Lone Star Texas Heritage Festival
With Old 97's, Black Angels, Grupo Fantasma, Dale Watson, LaTasha Lee and the Blackties, and the Deathray Davies
Saturday, August 22, 2015
If a festival is thrown but nobody goes, is it still a festival? The answer is, “Yes...but,” and that “but” is usually followed with a litany of excuses as to what went wrong for the event and how it was really no one’s fault. This is of course bullshit. If an event falls flat there’s usually a good reason, even if sometimes it's something uncontrollable like the weather or the Rangers suddenly making the World Series — both of which happened to a festival featuring the Old 97’s that took place in Carrollton back in 2010.
Five years later, and the Old 97’s are yet again the headliners of a festival that fizzled when many thought it was going to be a surefire hit, and this time it wasn’t the weather or baseball at fault. Yes, the Lone Star Texas Heritage Festival that took place Saturday afternoon in the parking lot of the Gilley's Dallas complex was a dud, and it was due to a combination of factors.
The thing that doomed this festival? Marketing, or the lack thereof. A FREE festival featuring one of Dallas’ most beloved groups, not to mention one of the best groups on the planet (Austin’s Black Angels), should by all accounts be a rowdy, raucous affair that’s packed to its absolute limit. That’s hard to accomplish when the only apparent marketing effort is a Facebook event. There weren’t billboards along the local highways or radio spots like the ones Homegrown Festival splurges on. No one knew it was happening.

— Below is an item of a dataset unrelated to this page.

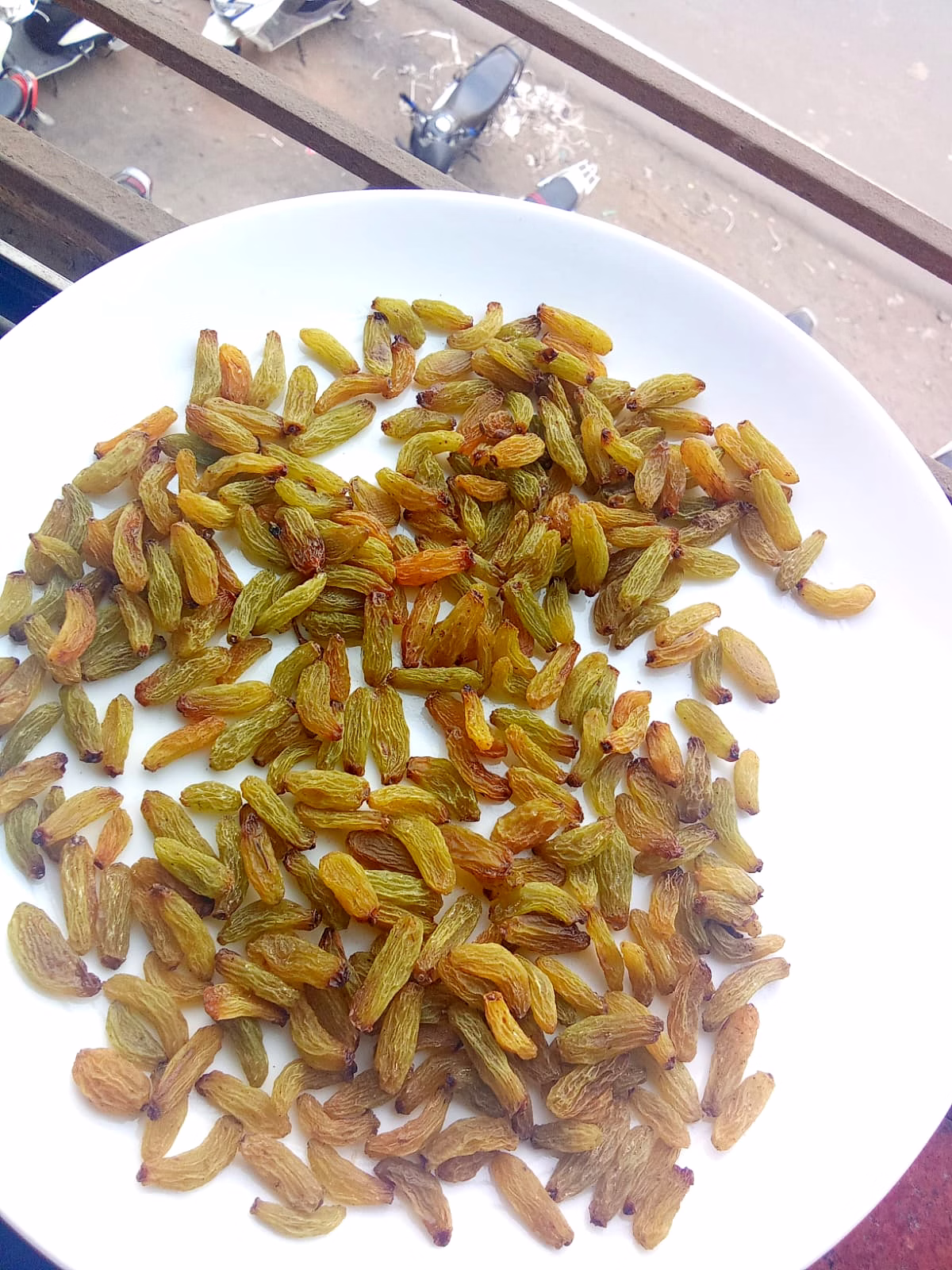 Long raisins image 1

It's also possible that we've hit our saturation point with Old 97's for the summer. They've headlined the free Ticketstock concert, played Homegrown Festival and headlined the Twilite Lounge anniversary party on Fourth of July (which, like the Lone Star fest, was free). There are only so many times a person can carve out time to see Rhett Miller drenched in sweat and strumming his guitar while singing “Timebomb.” Hell, 1310 The Ticket, who love the Old 97’s harder than a 34-year-old white lady with a degree from SMU, didn’t even mention the festival was happening.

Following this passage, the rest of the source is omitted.